── Data supplied ──
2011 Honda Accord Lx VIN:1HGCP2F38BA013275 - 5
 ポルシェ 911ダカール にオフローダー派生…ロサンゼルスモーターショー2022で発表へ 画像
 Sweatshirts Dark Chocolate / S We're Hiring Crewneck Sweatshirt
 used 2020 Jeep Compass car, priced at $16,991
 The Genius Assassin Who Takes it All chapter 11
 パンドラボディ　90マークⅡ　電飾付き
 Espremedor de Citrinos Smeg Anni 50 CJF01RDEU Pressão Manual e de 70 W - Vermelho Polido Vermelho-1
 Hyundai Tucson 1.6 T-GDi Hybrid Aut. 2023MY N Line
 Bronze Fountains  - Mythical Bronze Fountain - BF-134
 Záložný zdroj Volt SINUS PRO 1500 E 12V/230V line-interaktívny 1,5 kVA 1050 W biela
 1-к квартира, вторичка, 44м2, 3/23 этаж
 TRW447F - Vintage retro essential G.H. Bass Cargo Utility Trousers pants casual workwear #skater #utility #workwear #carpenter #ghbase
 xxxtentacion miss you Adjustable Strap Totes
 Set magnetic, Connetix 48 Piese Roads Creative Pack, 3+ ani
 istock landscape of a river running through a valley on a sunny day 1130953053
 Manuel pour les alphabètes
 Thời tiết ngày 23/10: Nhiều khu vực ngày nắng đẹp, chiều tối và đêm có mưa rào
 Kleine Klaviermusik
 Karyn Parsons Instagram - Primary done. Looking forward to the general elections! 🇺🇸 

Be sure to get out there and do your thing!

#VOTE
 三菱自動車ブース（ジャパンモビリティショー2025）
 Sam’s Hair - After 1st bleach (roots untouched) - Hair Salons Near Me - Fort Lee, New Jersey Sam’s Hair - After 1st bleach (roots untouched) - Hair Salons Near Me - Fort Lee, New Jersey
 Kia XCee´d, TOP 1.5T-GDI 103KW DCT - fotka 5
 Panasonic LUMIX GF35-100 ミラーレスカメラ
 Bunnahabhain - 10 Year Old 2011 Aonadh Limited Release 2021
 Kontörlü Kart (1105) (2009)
───
Return the span of lines in the data above that opens at the line with "Manuel pour les alphabètes" and closes at the line with "Panasonic LUMIX GF35-100 ミラーレスカメラ", exactly, ends included, nothing else.

 Manuel pour les alphabètes
 Thời tiết ngày 23/10: Nhiều khu vực ngày nắng đẹp, chiều tối và đêm có mưa rào
 Kleine Klaviermusik
 Karyn Parsons Instagram - Primary done. Looking forward to the general elections! 🇺🇸 

Be sure to get out there and do your thing!

#VOTE
 三菱自動車ブース（ジャパンモビリティショー2025）
 Sam’s Hair - After 1st bleach (roots untouched) - Hair Salons Near Me - Fort Lee, New Jersey Sam’s Hair - After 1st bleach (roots untouched) - Hair Salons Near Me - Fort Lee, New Jersey
 Kia XCee´d, TOP 1.5T-GDI 103KW DCT - fotka 5
 Panasonic LUMIX GF35-100 ミラーレスカメラ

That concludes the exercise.